One option for reducing errors in sampling designs is to increase the sample size. For ISM, sample size can pertain to the mass per increment (i.e., sample support), number of increments (n), and number of replicates (r). Assuming a uniform mass per increment, several observations were made regarding the effects of increasing n and r on estimates of the mean (also see Appendix A, Table A-1):

- Increasing the n has a direct effect on the standard deviation of the replicates. Specifically, the central limit theorem suggests the standard deviation of the replicates (which is a measure of the standard error of the mean) reduces by a factor of the square root of n. For example, all other things being equal, if the SD of replicates is 4.0 with n = 30, doubling the increments to n = 60 would reduce SD by the square root of 2 (or 1.414) to approximately 2.8.
- Increasing r does not reduce the standard deviation of the replicates although it does improve the estimate of the SD by reducing the variability in the estimate. Likewise, increasing r reduces the standard error for the grand mean. Specifically, the standard error reduces by the square root of r.
- The overall reduction in the standard error for the (grand) mean is a function of the total mass collected and spatial area represented (i.e., increments × replicates), and this observation applies to parameter estimation with discrete sampling as well.

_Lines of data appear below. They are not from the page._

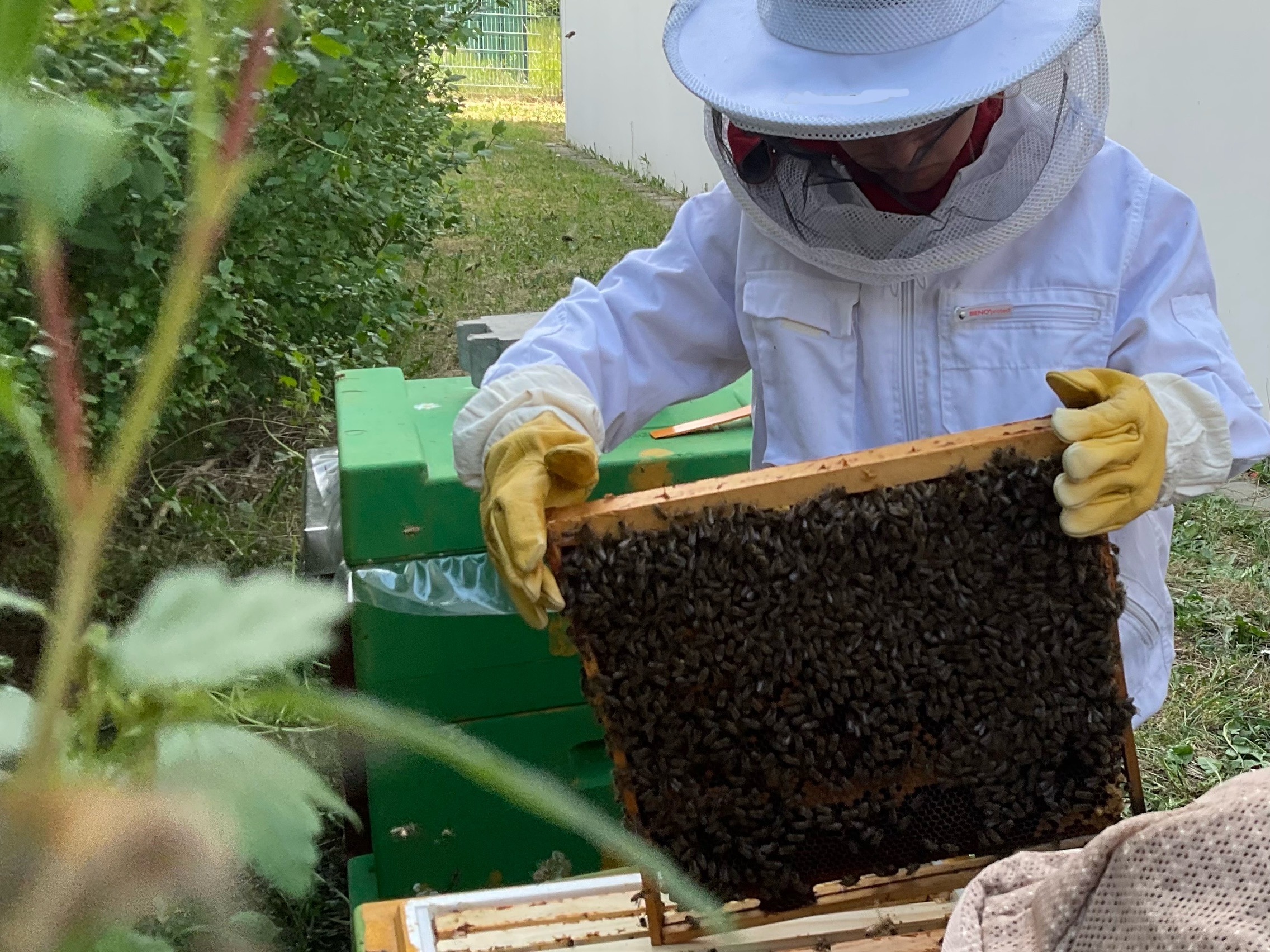 Bienenstock1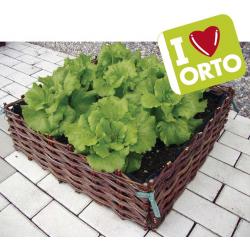 Vaso in salice per orto diverse dimensioni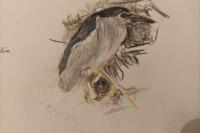 Nycticorax nycticorax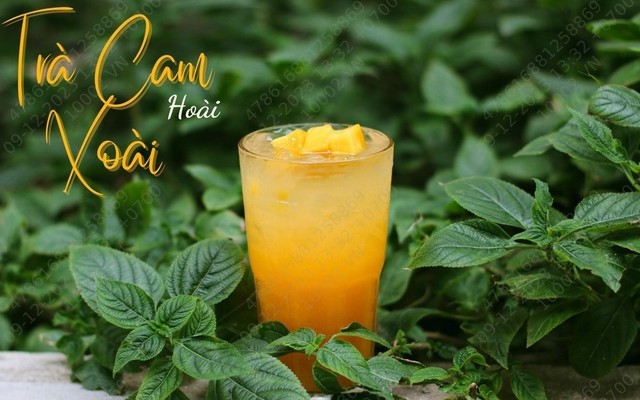 Cà Phê Hoài Nha - Cà Phê & Trà - Hồng Bàng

Increasing the number of increments and/or replicates reduces the variability in ISM estimates of the mean.
- Increasing the number of increments (n) or sample mass reduces the potential for errors in terms of both frequency and magnitude of underestimation of the mean.
- For nonnormal distributions, increasing r above 3 provides marginal return in terms of improving coverage of a UCL when the Chebyshev calculation method is used; however, increasing r does not improve coverage of the Student's-t UCL.
- Increasing r reduces (i.e., improves) the RPD, meaning it will produce estimates of the 95% UCL closer to the DU mean. Therefore, increasing r may be an important sampling strategy when errors of either underestimation or overestimation of the mean can have significant consequences. The difference between Chebyshev and Student's-t UCLs can sometimes lead to different decisions for a DU. While the Chebyshev method typically provides greater coverage, it also tends to have higher RPDs. Project teams must balance both properties of UCLs when deciding which method(s) to use.
- Simulations produced varying results in terms of improvement in coverage by increasing the number of increments. In some simulations, increasing the number of increments produced little or no observable difference. In others, increasing increments twofold or more from typical increment numbers used in ISM resulted in marginal improvement. As with increasing replicates, increasing the number of increments decreases (i.e., improves) the RPD. The improvement in RPD performance is marginal when the underlying CV is small.
- Simulations showed that coverage provided by the two UCL calculation methods depends upon the degree of variance (or dispersion) of the contaminant distribution within the DU. A variety of statistics provide a measure of dispersion including the CV (i.e., SD normalized by the mean) and the geometric SD (specific to lognormal distributions). Table 4-4 summarizes findings grouped by CV (and GSD). Note that in this case, the CV reflects the SD of the increments divided by the mean and not the SD of the replicates divided by the mean. In practice, individual increments are typically not retained for analysis, so there may be no direct measure of the CV. If there is no site knowledge available to support an assumption about the degree of dispersion (i.e., low, medium, high) of increments, then the Chebyshev UCL may be the preferred calculation method because it is more likely to achieve the desired coverage than the Student's-t UCL. The CV (or SD) of the replicates is not a useful metric for determining which UCL method provides sufficient coverage.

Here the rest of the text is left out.